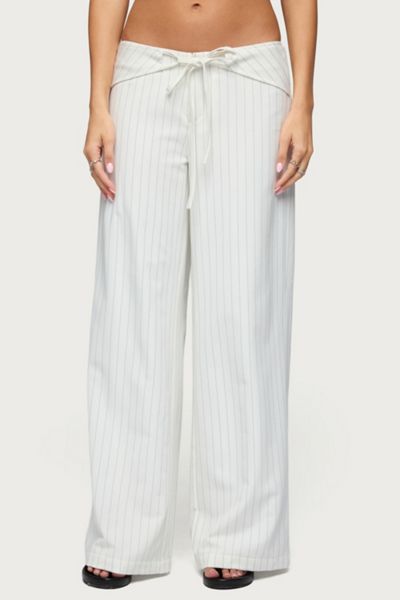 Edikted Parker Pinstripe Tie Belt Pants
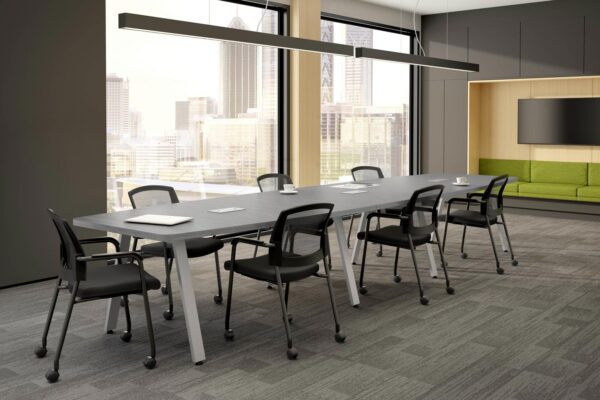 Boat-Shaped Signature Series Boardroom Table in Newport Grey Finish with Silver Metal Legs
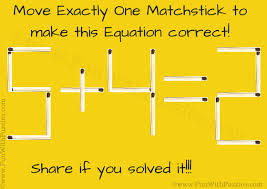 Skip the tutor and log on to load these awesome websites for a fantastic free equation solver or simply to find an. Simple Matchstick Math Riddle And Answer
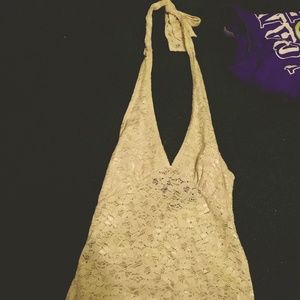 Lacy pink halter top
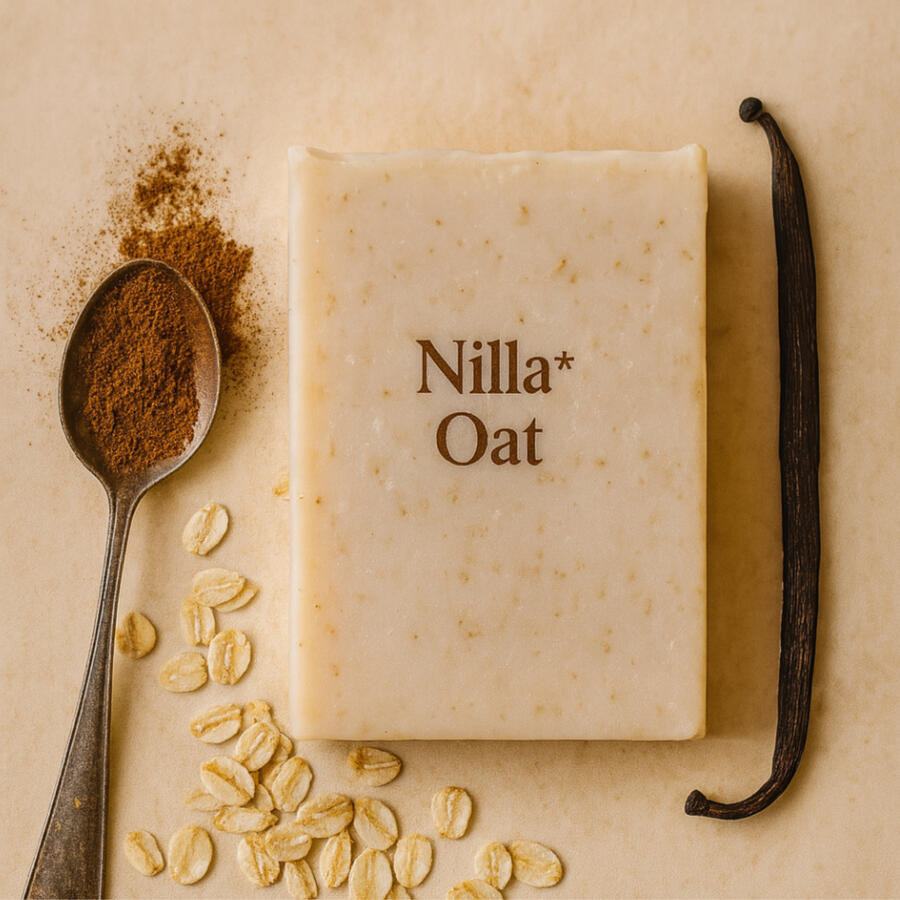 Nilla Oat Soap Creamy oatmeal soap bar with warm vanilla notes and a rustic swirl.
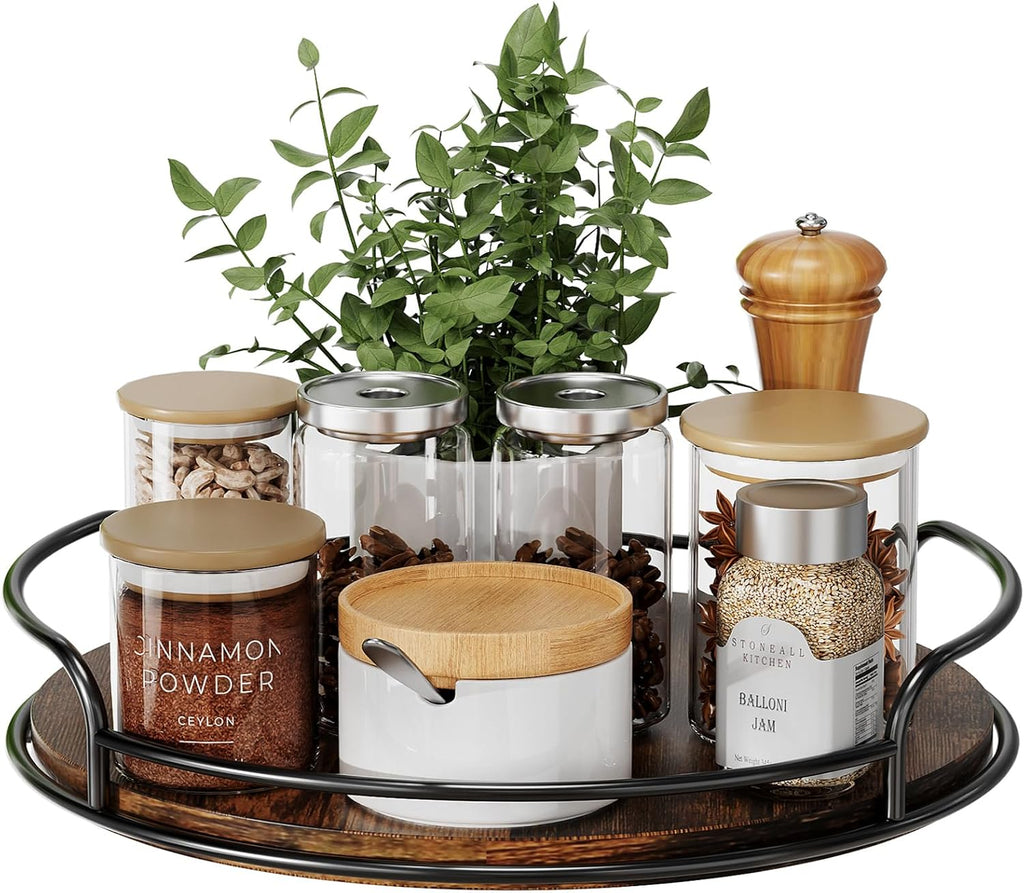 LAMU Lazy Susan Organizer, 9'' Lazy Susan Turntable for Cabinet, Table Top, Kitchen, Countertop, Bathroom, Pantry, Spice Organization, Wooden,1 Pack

● ACTIVITY
Retype, exactly as written, each line from the one containing "Lacy pink halter top" through the end of the data above, and leave out every picture.

● EXPECTED ANSWER
 Lacy pink halter top
 Nilla Oat Soap Creamy oatmeal soap bar with warm vanilla notes and a rustic swirl.
 LAMU Lazy Susan Organizer, 9'' Lazy Susan Turntable for Cabinet, Table Top, Kitchen, Countertop, Bathroom, Pantry, Spice Organization, Wooden,1 Pack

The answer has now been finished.